Before Detroit: Become Human came out, I had mixed feelings about the game. When I first watched the trailer and videos of the demo, I was super excited to see how the game would turn out. However, when I started considering the game’s mechanics more, I began having doubts about the execution of a choice-based game. My biggest concern was that the game would become a story-based production where the player would merely press buttons to indicate his or her choice. My first play through turned out to be a pretty fun experience. The game had many flaws that the producers clearly tried to suppress and often failed to, but overall, I enjoyed my first 5-6 hour play through.
To begin, Detroit had a multitude of flaws. First, the leading third of the game was very boring. When using one of the characters, Cara, in the first couple of hours, I merely completed chores for my “owner” and did monotonous, auxiliary stuff. The same notion gameplay applied for another of the protagonists, Marcus. I completed chores and took care of my owner. Furthermore, the game introduced me to a wide, potential-filled dystopian world, but the game unfortunately seemed like a extended cutscene with a few taps of my right stick and buttons here and there. To add to the misery, even when the story begins developing with Carl advising Marcus on humans co-living with androids and Kara discovering her lousy owner’s abuse towards his daughter, the gameplay still sustains its dullness. The gameplay contained an excessive amount of walking and slow moving. Moreover, the developers made clear that they were trying to turn a non-game into a game.
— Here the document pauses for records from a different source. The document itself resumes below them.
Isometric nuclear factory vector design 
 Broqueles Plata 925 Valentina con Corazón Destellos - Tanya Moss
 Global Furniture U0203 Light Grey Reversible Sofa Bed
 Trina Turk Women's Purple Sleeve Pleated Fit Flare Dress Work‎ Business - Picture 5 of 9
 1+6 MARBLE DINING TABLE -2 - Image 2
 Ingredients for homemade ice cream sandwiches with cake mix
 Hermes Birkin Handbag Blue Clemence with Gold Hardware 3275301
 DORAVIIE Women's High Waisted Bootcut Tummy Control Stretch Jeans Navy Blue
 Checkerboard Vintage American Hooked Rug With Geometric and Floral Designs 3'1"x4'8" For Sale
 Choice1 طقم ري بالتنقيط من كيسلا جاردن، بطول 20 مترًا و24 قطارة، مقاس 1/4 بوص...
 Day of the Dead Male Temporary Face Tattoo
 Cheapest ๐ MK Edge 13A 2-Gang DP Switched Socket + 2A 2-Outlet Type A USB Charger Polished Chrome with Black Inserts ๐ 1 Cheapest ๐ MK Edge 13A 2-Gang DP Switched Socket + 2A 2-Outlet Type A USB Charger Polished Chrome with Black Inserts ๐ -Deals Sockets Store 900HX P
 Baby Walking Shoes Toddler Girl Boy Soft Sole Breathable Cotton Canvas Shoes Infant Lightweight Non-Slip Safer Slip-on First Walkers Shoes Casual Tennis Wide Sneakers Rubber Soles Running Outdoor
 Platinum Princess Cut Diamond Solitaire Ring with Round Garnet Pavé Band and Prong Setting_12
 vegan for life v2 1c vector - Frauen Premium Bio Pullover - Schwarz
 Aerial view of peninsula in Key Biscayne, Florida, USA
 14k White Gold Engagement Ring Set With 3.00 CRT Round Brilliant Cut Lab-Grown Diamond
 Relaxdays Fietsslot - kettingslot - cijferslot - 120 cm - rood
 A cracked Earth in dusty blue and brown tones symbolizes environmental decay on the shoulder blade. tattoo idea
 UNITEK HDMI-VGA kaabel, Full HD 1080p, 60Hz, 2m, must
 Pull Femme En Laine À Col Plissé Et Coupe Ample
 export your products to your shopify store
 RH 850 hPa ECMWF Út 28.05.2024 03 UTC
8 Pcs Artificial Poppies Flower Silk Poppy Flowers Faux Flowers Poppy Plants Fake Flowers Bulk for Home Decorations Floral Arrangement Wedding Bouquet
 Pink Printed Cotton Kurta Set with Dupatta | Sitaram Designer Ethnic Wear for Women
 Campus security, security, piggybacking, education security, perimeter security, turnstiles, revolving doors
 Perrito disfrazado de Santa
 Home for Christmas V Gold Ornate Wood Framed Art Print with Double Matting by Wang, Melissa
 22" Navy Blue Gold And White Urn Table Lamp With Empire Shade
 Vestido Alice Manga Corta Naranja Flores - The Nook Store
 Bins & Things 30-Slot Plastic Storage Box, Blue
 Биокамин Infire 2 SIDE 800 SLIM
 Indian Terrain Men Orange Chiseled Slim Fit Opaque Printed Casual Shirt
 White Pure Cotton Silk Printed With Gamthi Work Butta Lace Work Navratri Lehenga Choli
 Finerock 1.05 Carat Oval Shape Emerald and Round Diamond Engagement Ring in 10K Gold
They created a lot of achievements, along with a points system that contributed to an “extras” section where the player could obtain auxiliary items that didn’t translate to the game itself. Overall, the large portion of the game served to fill up the gameplay with accessories to cover up its lack of action.
Even through its unfortunate lack of action, I still did enjoy the game. It provided a huge multitude of options for the player to choose in every situation. The game had also had beautiful graphics that contributed to its futuristic feel. Following the dull introductory couple of hours, the story developed into something very intriguing. In terms of Connor, the android detective, his investigations and tasks were thrilling, making me want to play even more to see what would happen next. Hank, Connor’s partner, also made the story more interesting as he showed his weaker side as he tries to cope with his son’s death. Hank definitely develops into a consistent character who is constantly tired, angry, or sad. The concept of AI developing emotions is seemingly cliché, but the execution of this concept was actually unique as Connor begins developing deviant tendencies and Hank begins sympathizing for the abused deviants. Hank asks Connor, “What are you really?” The question raises conversation on a larger topic within the game’s world, because while Connor himself is an android, the player is a human who controls him. This phenomenon really speaks to what constitutes subjectivity, because while the androids are expected to obey their masters under all circumstances, in many occasions, obeying can take many different routes. Connor also begins to notice that the deviant androids have nothing in common. This realization indicates that these deviants are not rooted from one specific robotic factor, but rather, from different circumstances affecting different emotions. Marcus and the player’s use of him also raises many moral questions. My use of him and Cara were in direct conflict with that of Connor. Through Marcus’ fight for justice, he realizes that freedom, despite being a right, often needs to be fought for. By the end of the game, I embraced my desire to follow my agenda of obtaining android equality. Throughout the game, the dialogues and choices were very thoughtful and constantly contributed to the mission’s results. Playing on the “experienced” difficulty added gravity to every choice I made.
On top of the story’s many messages and complexities, the limited gameplay was fun. The action scenes were actually exciting. I always wanted to make sure I won my fights and chases because the “experienced” difficulty level was very punishing. The construction and preconstruction scenes, along with the puzzles, though sometimes monotonous, were pretty fun. I enjoyed using the Marcus and Connor’s superior android abilities to complete certain missions. Also, the progression systems, while they often felt forced, definitely contributed to the game. The flow chart was a great way to track my successes, failures, and potential paths to take in future attempts. Comparing my progress with the rest of the world was also exciting. Furthermore, the achievements often felt excessive but still felt rewarding. Finally, watching my relationships with different characters was entertaining. The relationship tracking, unlike the achievements, had a gravity to them because they directly contributed to the livelihood of my three characters along with that of surrounding characters.
All in all, Detroit: Become Human exceeded my relatively low expectations. The game had many flaws, including the often-dull gameplay and the boring first-half. However, the game’s progression system and the freedom in decisions-making gives power to the player as he/she journeys through relationships and tough decisions. The next-gen graphics also add to the game. The game could’ve improved a notch if the action scenes were not limited to a tiny minority of the game. Detroit takes time to get into, and even when the gameplay does speed up, there is often a lack of actual “gaming” happening. Analyzing the details and taking careful thought in each decision definitely allows the player to enjoy free control throughout, but patience is key when exploring Detroit. If you are looking for an action-packed game rather than an RPG, this game might not be for you.